# China Blacklist



## murchie

Hi guys,

I have got myself into a bad situation and i will keep it short just now unless i get replies. Basically my company have screwed me over, so I am going home. They said that if i don't pay 35000rmb they wont let me leave. Then we negotiated that i would pay it off monthly when I am at home in the UK. I have only been at the company 1 month and its what they call "compensation".

Anyway they said that if I don't pay it they will get me blacklisted from China and I can't return.
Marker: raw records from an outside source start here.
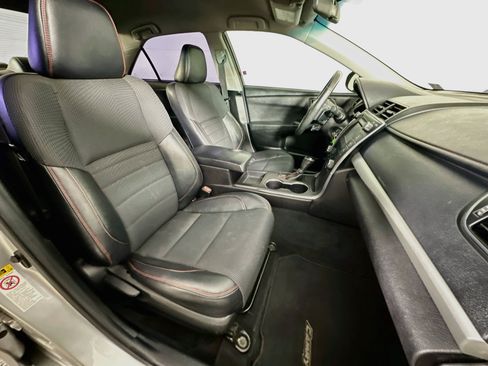 Used 2017 Toyota Camry SE FWD image 27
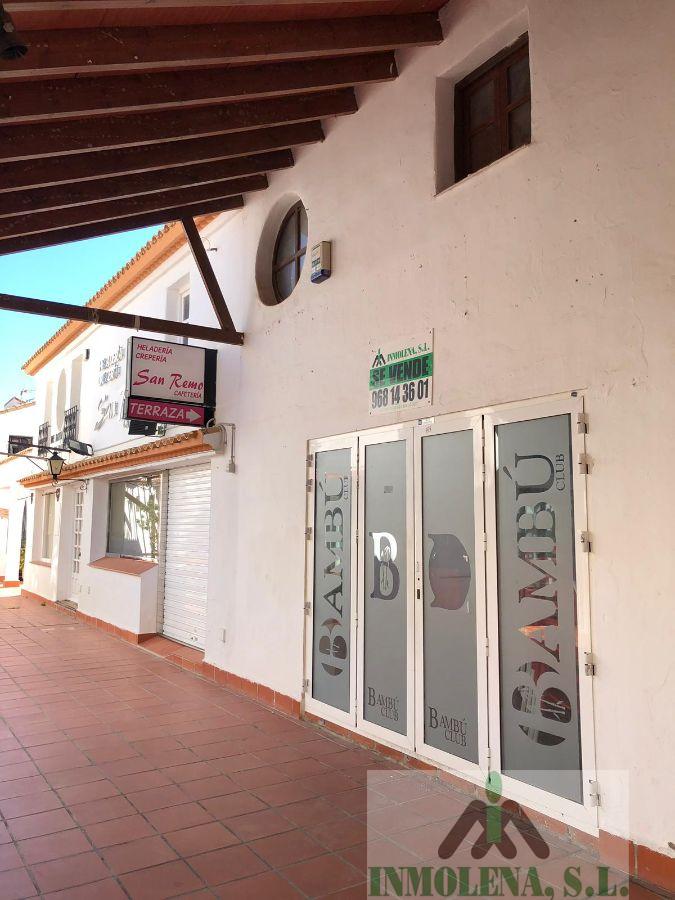 Venta de local comercial en La Manga del Mar Menor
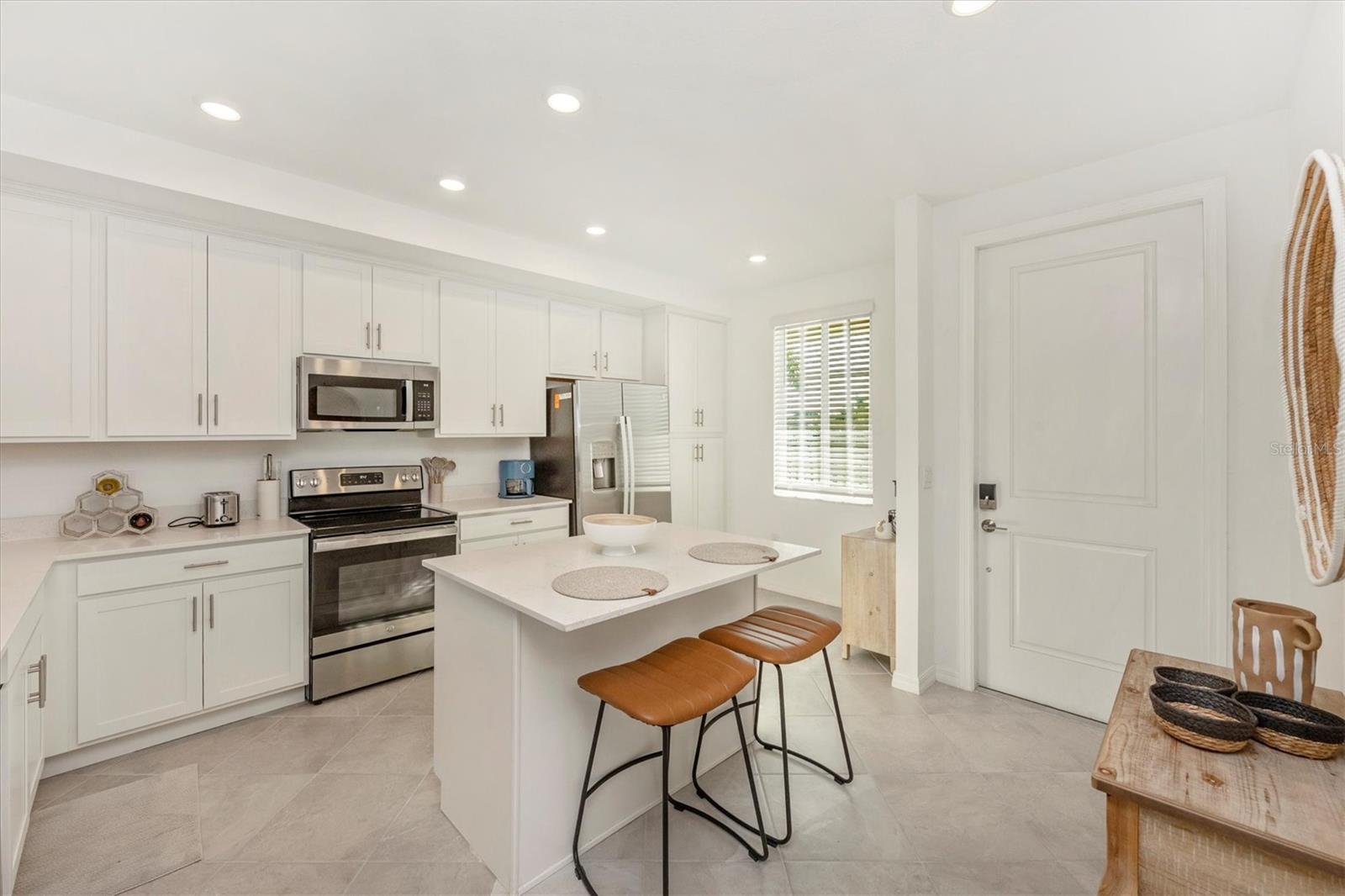 Image 6 of 99 For 12280 Wellen Golf Street 205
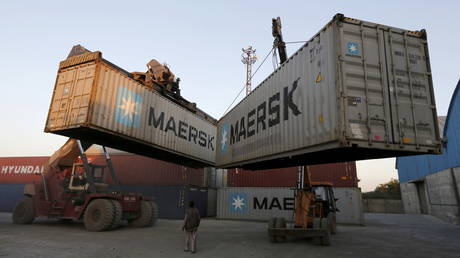 India&rsquo;s economy shows signs of recovery with huge jump in exports & imports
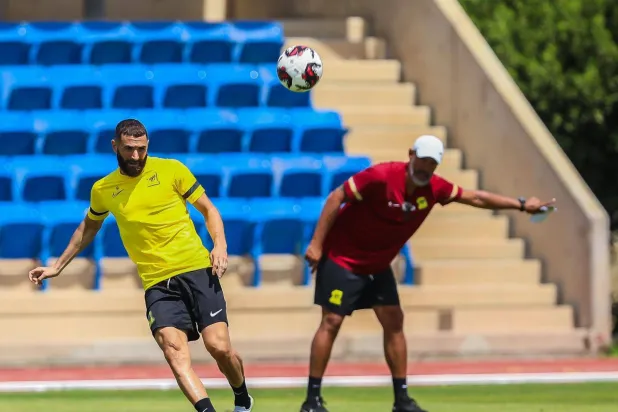 بنزيمة طالب بمنحه شارة القيادة (نادي الاتحاد)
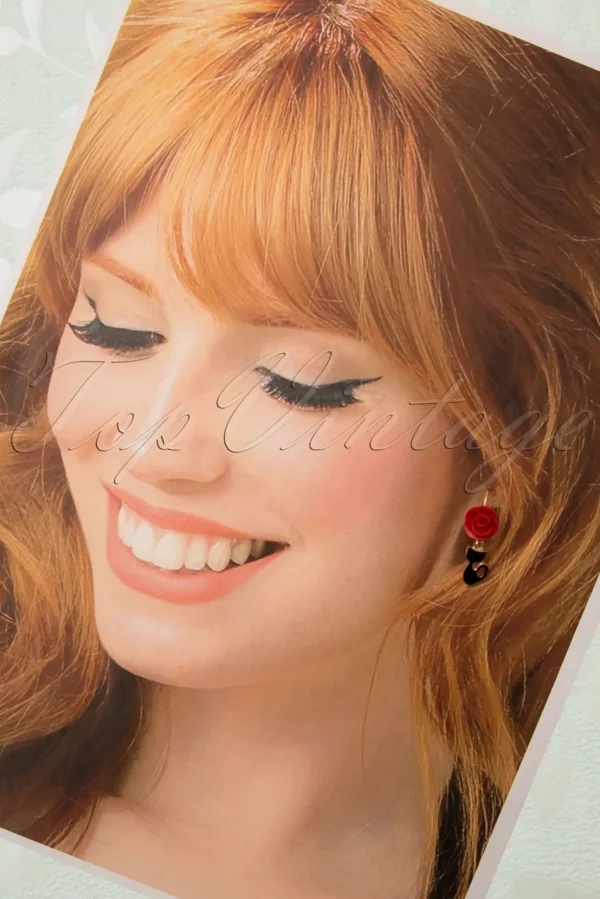 Fijne Kattenoorbellen In Goud-Sweet Cherry Fashion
i want to ask, how hard is it to appeal and if so whats the chances.

many thanks


----------



## cschrd2

If the company has government relations it's possible they put you on a list. If its a local company less logical. Taking things to court brings typically nothing as the system favors Chinese normally (benefit of doubt). Typical solution is negotiate a decent end solution.


----------



## Southerncalm

I would not bother with it while still inside of China

You can always hire a western legal firm that has an office located in China to help if needed
Once you are back home

As you have heard about the Guanxi or clout people have in certain government connections
Fighting from within the city they have the leverage is a bad idea since most Guanxi is normally localize
Also be aware that much of it is chest thumping to rip you off
not near as many companies have a fraction of that power as they try to bluff that they do
but may have enough bad friend to make it unsafe for you fast
but dont address it until you are safely in your home turf 

Go home, don't pay them
Once home when you apply for a new Visa to return to a different city you can deal with it correctly based on approved or not
If not, and because of this you can get the legal company to file any appeals on your behalf from the safety of home
If you get approved just stay out of that city and you should be fine

Dont sign ANYTHING
just vanish and get home 
then deal with it


----------



## peanutbutterjellytime

They are just trying to scare you. If you don't have a Z visa there is absolutely nothing they can do. If you do, then you may have a problem getting a Z visa in the future, but you won't be black listed for that...


----------



## hdlgallen

It's based on your contract, man.

You have to know where's the 35000rmb comes from. It's possible that you only need to pay them 35 rmb...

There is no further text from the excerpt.